Output all of the data exactly, keeping any images out of the copy.
*** Dataset content ***
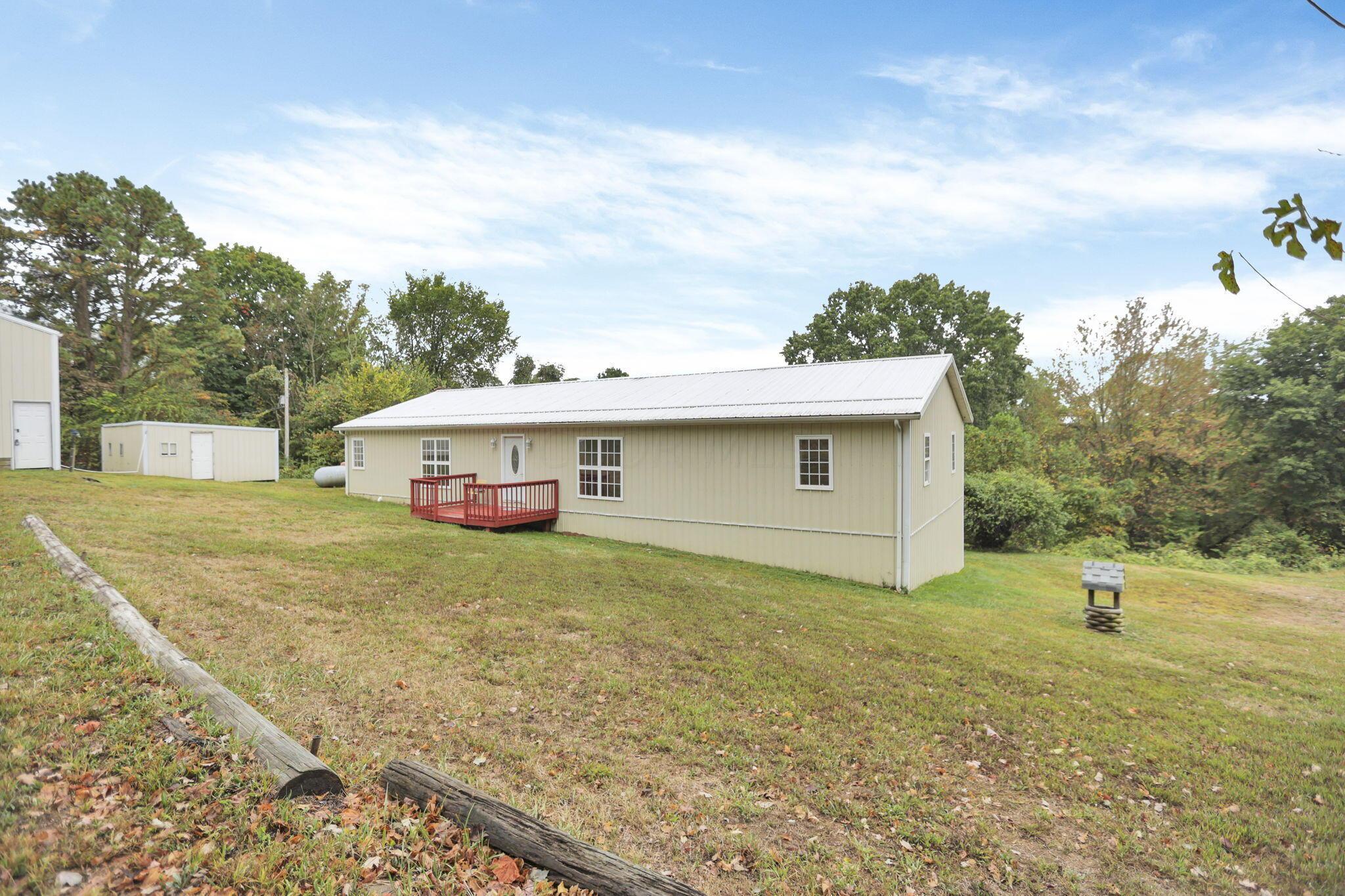10295 Lookout Road, Lancaster, Ohio image 2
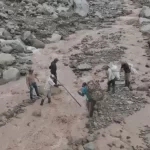 Avalancha en Galán | Familias incomunicadas, daño en productos y niños sin poder ir a clases tras grandes rocas atravesadas en vía principal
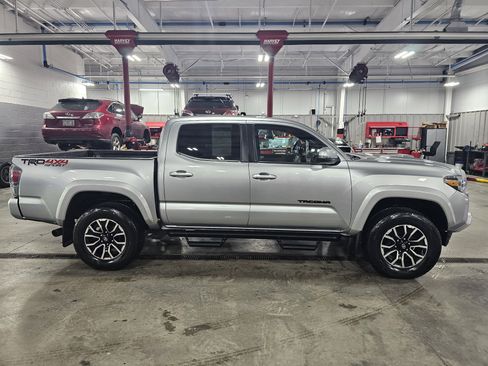 Used 2022 Toyota Tacoma TRD Sport image 3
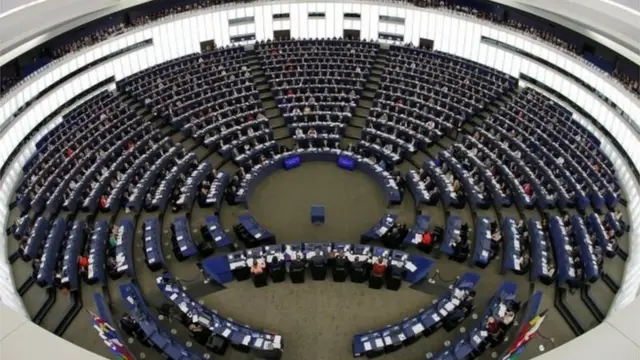 संसद में महिलाएं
*** End of Dataset content ***
Output of the task:
10295 Lookout Road, Lancaster, Ohio image 2
 Avalancha en Galán | Familias incomunicadas, daño en productos y niños sin poder ir a clases tras grandes rocas atravesadas en vía principal
 Used 2022 Toyota Tacoma TRD Sport image 3
 संसद में महिलाएं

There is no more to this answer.